Next, Defendant argues that the trial court abused its discretion in preventing Dr. Fanetti from testifying regarding his evaluations of the content of the child advocacy center interviews of A.G. and K.R. using his PEFIC protocol because Dr. Fanetti is an expert in the areas of memory and psychology and the protocol is generally accepted in the scientific community.
Standard of Review
In matters involving admissibility of evidence, the appellate court “reviews for prejudice, not mere error, and will reverse only if the error was so prejudicial that it deprived the defendant of a fair trial.” State v. Churchill, 98 S.W.3d 536, 538 (internal quotation marks and citation omitted). “It is within the trial court's discretion to allow or exclude expert testimony.” State v. Biezer, 947 S.W.2d 540, 541 (Mo. App. 1997). “A trial court will be found to have abused its discretion concerning the admission of evidence when a ruling is clearly against the logic of the circumstances then before the court and is so arbitrary and unreasonable as to shock the sense of justice and indicate a lack of careful consideration.” Elliot v. State, 215 S.W.3d 88, 92 (Mo. banc 2007). In child sexual abuse cases, the trial court has great discretion in admitting profile expert testimony which describes behaviors and other characteristics commonly observed in sexual abuse victims. Biezer, 947 S.W.2d at 541.

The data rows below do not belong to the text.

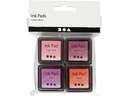 Creativ Company Stempelkissen Ink Pad Orange, Rosa, Rot
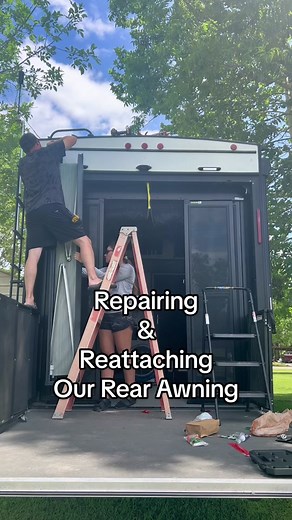 RV Awning Repair: How We Reattached Our Rear Awning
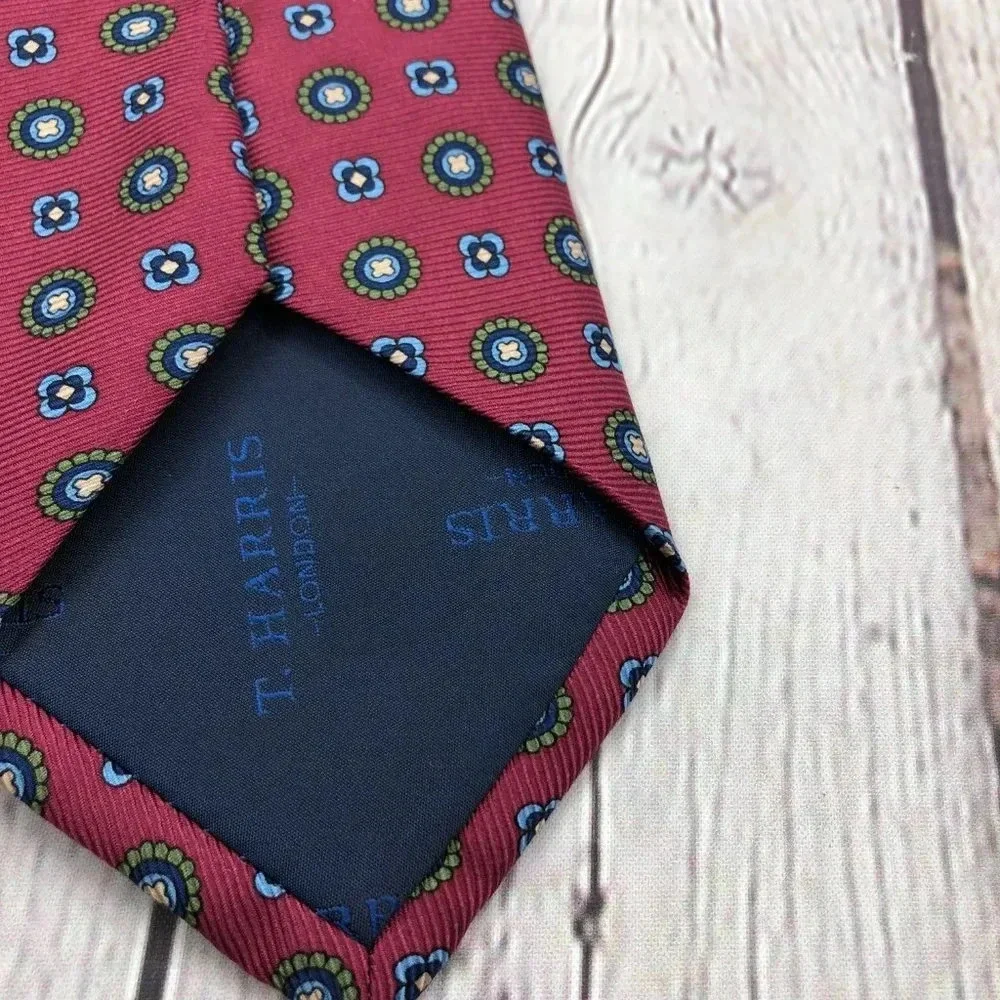 T. Harris London silk Tie preppy business office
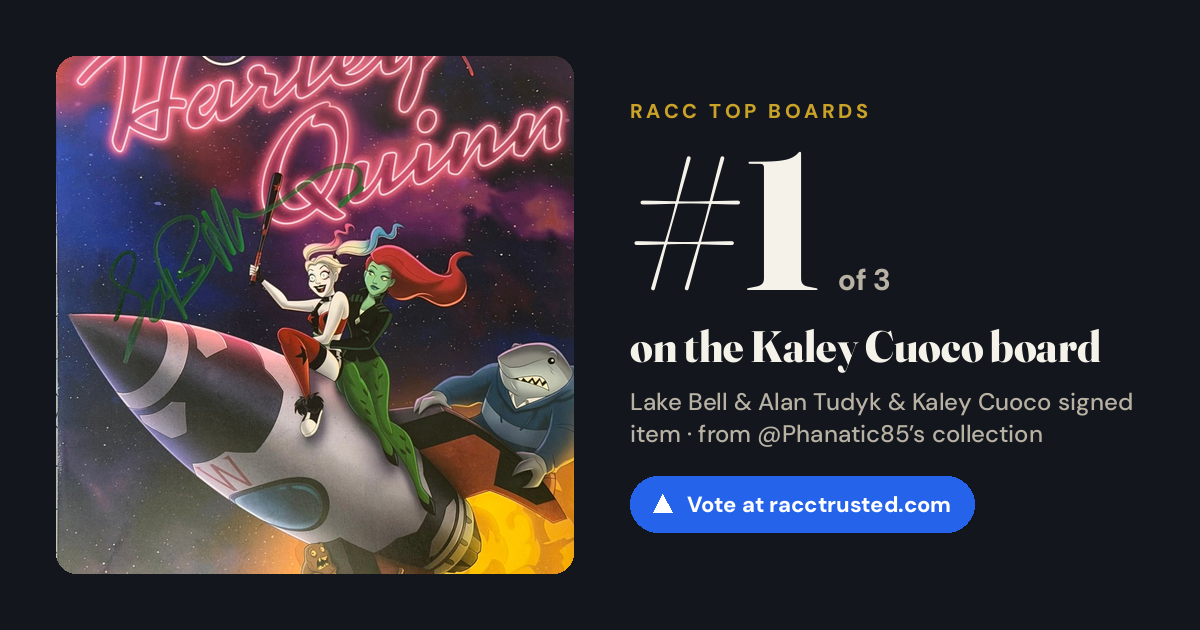 Share card: #1 of 3 on the Kaley Cuoco board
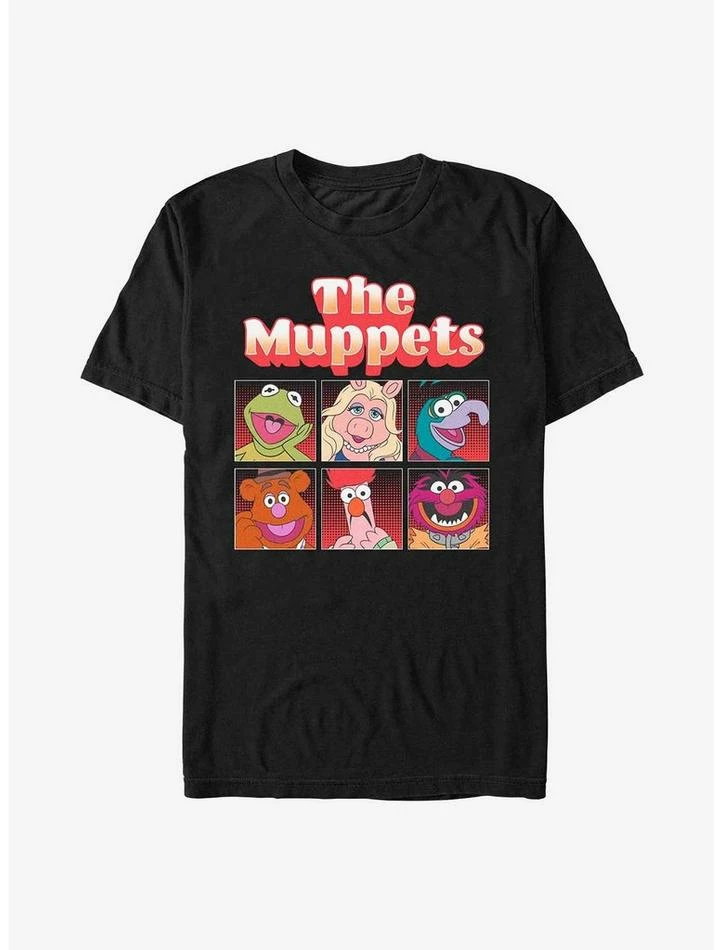 Wholesale ⭐ Disney The Muppets Muppet Group T-Shirt 😀 1 Wholesale ⭐ Disney The Muppets Muppet Group T-Shirt 😀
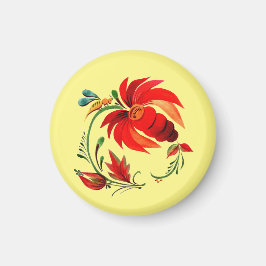 Dekorative Blume und Biene  マグネット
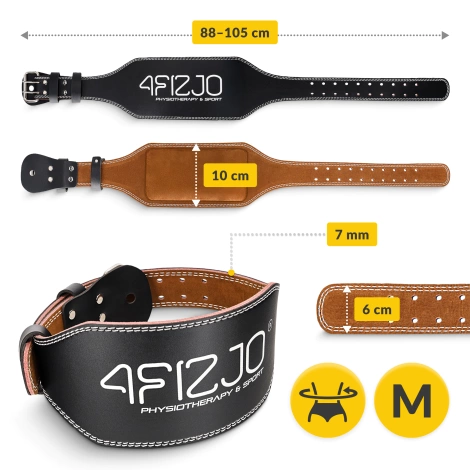 Vzpěračský pás M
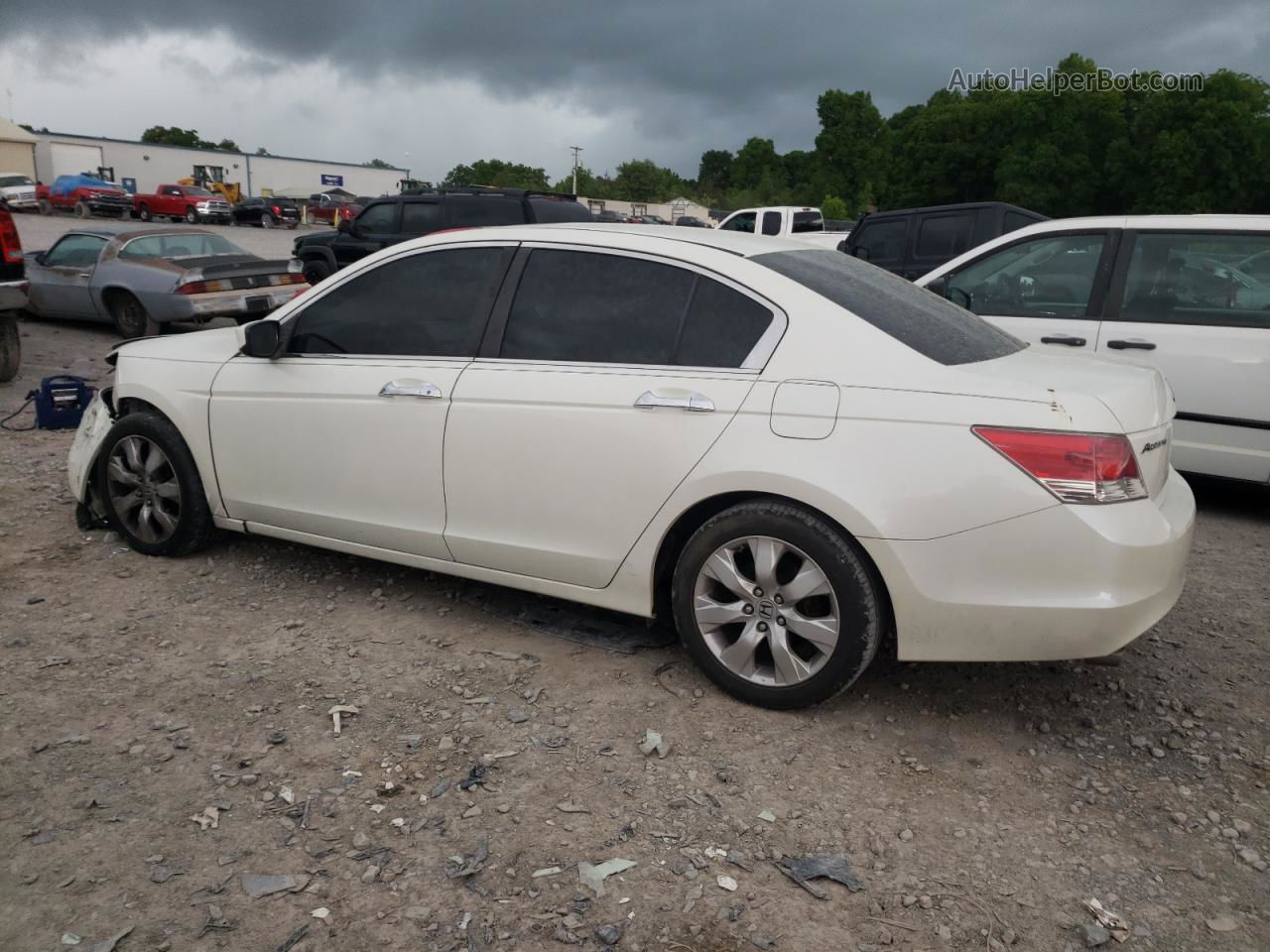 2008 Honda Accord Ex White vin: 1HGCP36788A048545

Expert testimony is admissible if it is clear that the subject of such testimony is one upon which jurors, for want of experience or knowledge would otherwise be incapable of drawing a proper conclusion from facts in evidence. State v. Baker, 422 S.W.3d 508, 513 (Mo. App. 2014). In child sex abuse cases, specifically, two types of expert testimony are typically challenged: (1) “profile” testimony describing behaviors and other characteristics commonly observed in sexual abuse victims; and (2) particularized testimony concerning the alleged victim's credibility. Biezer, 947 S.W.2d at 541. “Although the trial court has great discretion in admitting the former, the latter usurps the province of the jury and, therefore, is inadmissible.” Id. In general, admission of scientific evidence or opinion depends on wide acceptance in the relevant scientific community of its reliability. State v. Sloan, 912 S.W.2d 592, 596 (Mo. App. 1995).

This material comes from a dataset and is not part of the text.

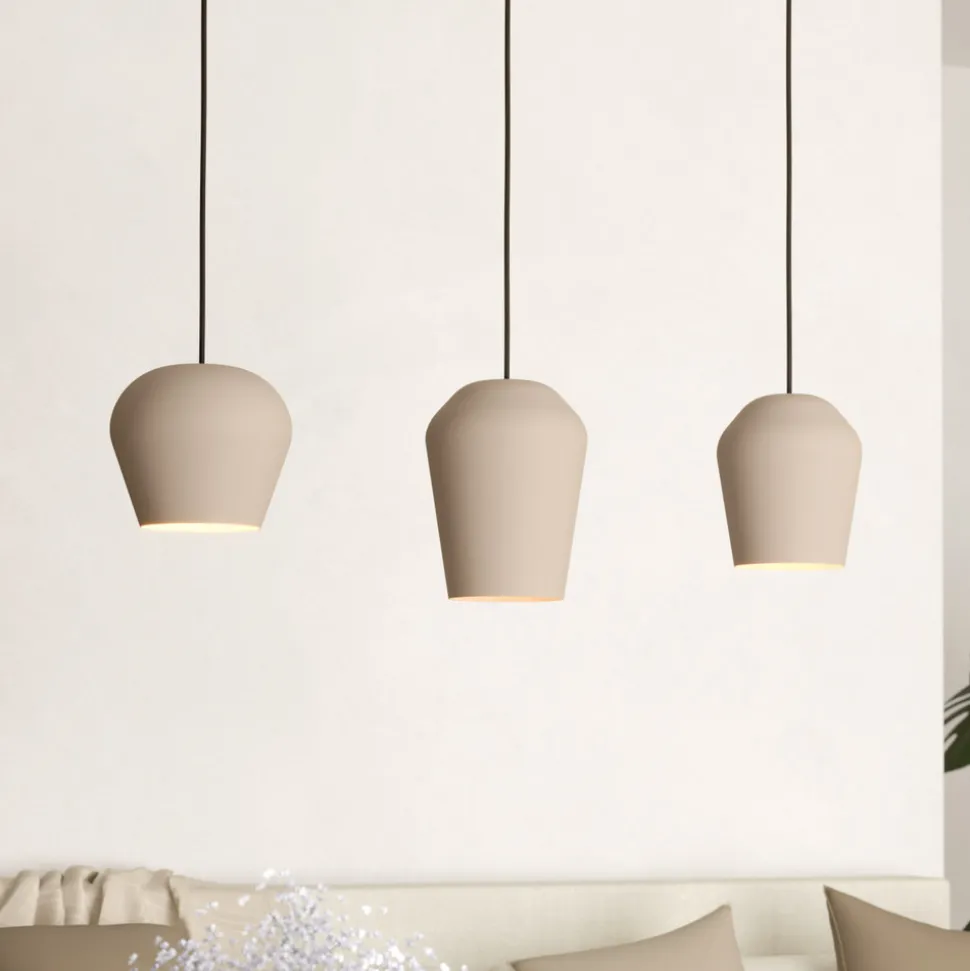 Hengelampe Cambaito, 3 lyskilder, sandfarget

Here, it was made clear on the record during the Frye 3 hearing that Dr. Fanetti's PEFIC protocol was not widely accepted in the relevant scientific community. By Dr. Fanetti's own admission: “the PEFIC as a protocol is not widely accepted. And I don't know how often it is utilized․yes, you could say that there are no interview protocols, developing organization[s], that accept the evaluation of the PEFIC.” This statement clearly establishes that Dr. Fanetti's PEFIC protocol is not widely accepted in the relevant scientific community. Based on this admission, the trial court determined that, “it's just very, very plain from his testimony that it's not accepted; it's not an accepted scientific technique or procedure that the community relies on and that's accepted in the community.” Dr. Fanetti's proposed testimony regarding potential biases in the child advocacy center's interviewing techniques not only fell short of qualifying as “expert testimony,” but it also risked invading the province of the jury. For these reasons, we find no abuse of discretion by the trial court in granting the State's motion in limine excluding testimony from Dr. Fanetti about his PEFIC protocol and again at trial where defense counsel attempted to introduce evidence concerning the protocol. Point two is denied.
In his last point on appeal, Defendant asserts that the trial court abused its discretion in preventing defense counsel from impeaching A.R.'s testimony about whether or not he had previously watched pornographic videos with his cousin because it prevented counsel from attacking A.R.'s character for truth or veracity. Specifically, Defendant argues that the trial court's refusal to allow defense counsel to impeach A.R. with his previous deposition testimony violated his right to due process.
Standard of Review
“The trial court is afforded broad discretion in assessing the admissibility of evidence. Its ruling on the admissibility of the evidence will not be interfered with on appeal absent a clear abuse of discretion.” State v. Mozee, 112 S.W.3d 102, 105 (Mo. App. 2003). “We review trial court decisions regarding the admissibility of evidence for prejudice, not mere error, and will reverse only if the error was so prejudicial that it deprived the defendant of a fair trial.” Id. (internal quotation marks and citations omitted).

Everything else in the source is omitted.